The drama and swell of congratulations which surrounded the end of Rule 42 formed the centrepiece of his presidency. He showed considerable resolve and stubbornness in the face of mounting criticism and resentment from within the GAA for his very public championing of Rule 42. It is easy to forget how very heated that debate was. It was crudely distilled as a debate between the GAA modernists – as led by Seán Kelly – and the “backwoodsmen” who wanted to persevere with it.

Of course, those who wanted to keep it closed believed passionately in their rationale; that the old place was sacred, that it belonged to the GAA and the GAA alone and that inviting “foreign” sports in could only weaken the GAA. Proponents were more vague and watery in their reasoning, talking about generosity and extending the hand of friendship – the kind of tokenistic language, in fact, that heads of state are often forced to trot out. Ultimately, Rule 42 was about expediency and it was about money.

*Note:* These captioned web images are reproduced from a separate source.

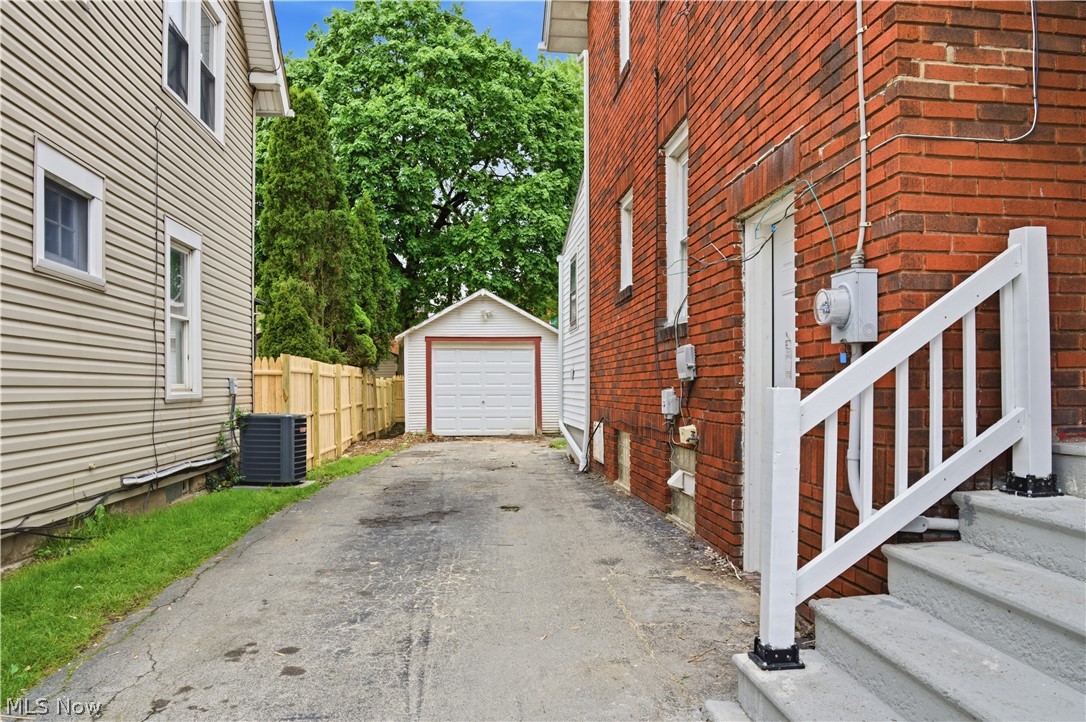 52 W Heights Avenue Youngstown OH 44509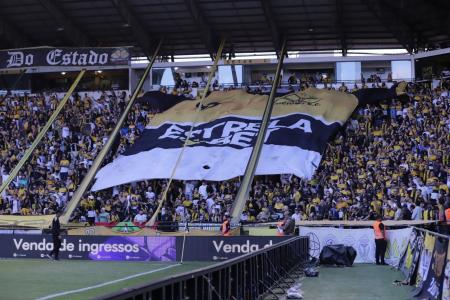 Torcida carvoeira vai lotar o estádio para acompanhar o último compromisso em casa da temporada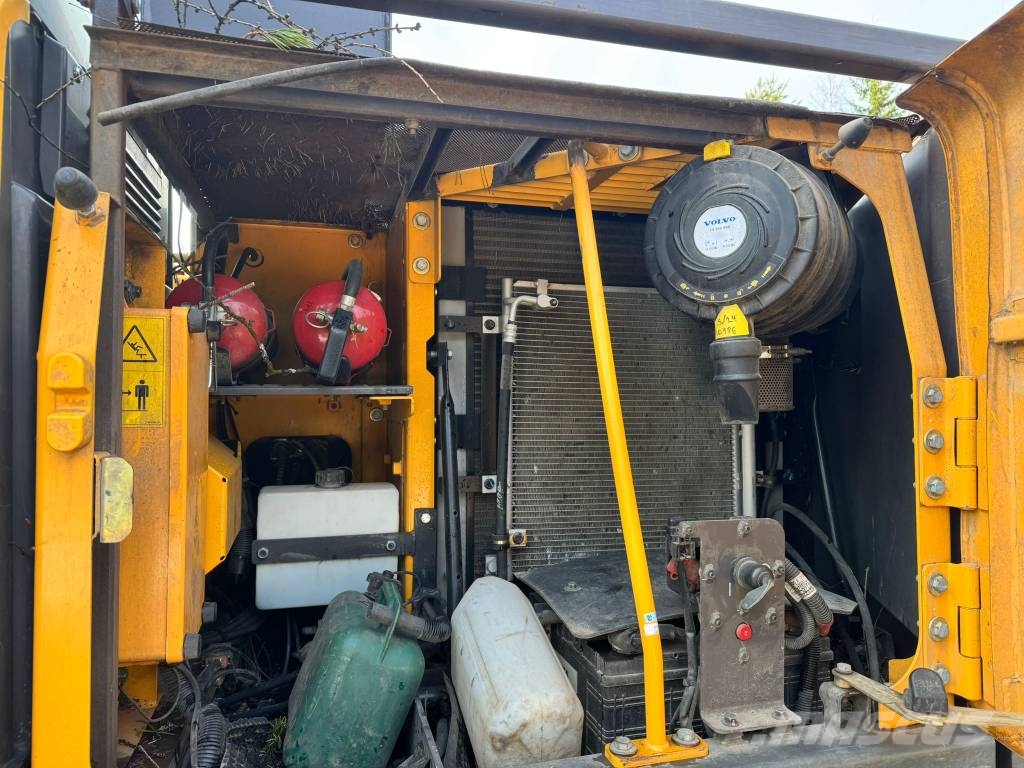 Volvo EC 140 DLM Excavadoras de cadenas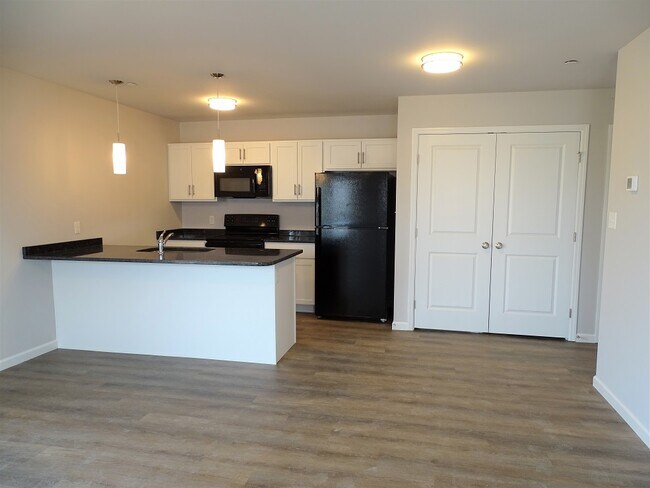 Building Photo - 26 Cobblestone Ct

Those who were against might have been fearful and conservative in their view but they stood for something crystal clear. The opening of Croke Park revolved around the symbolism of the Ireland v England rugby match in 2007, which was a contrived and mixed-up occasion of misplaced patriotism, a so-called “wonderful and unforgettable day” that has already been forgotten.

The benefits of its deletion for the GAA can be debated all day long – true, they made some nice cash out of the arrangement but some of its members may feel a bit “used” now the rugby and soccer crowd have fled Croke Park, never to return. Nowadays, Rule 42 seems like much ado about nothing; restoring it to the GAA rule book would make no great difference.

And listening to Seán Kelly on the radio as the football fans from Down and Cork made their way to Croke Park last Sunday, it seemed clear the end of Rule 42 had been of benefit to no one as much as its architect-in-chief. Whether there is a price to be paid for that will only become clear if and when Kelly hits the canvas for the Áras and meets with old faces from his GAA days.

In the prologue to Rule 42 And All That, Kelly recalls his emotions that day in Congress when the motion was passed.

“My time with the GAA was on the wane,” he writes.

“But I was quite sure now that it would never be forgotten.”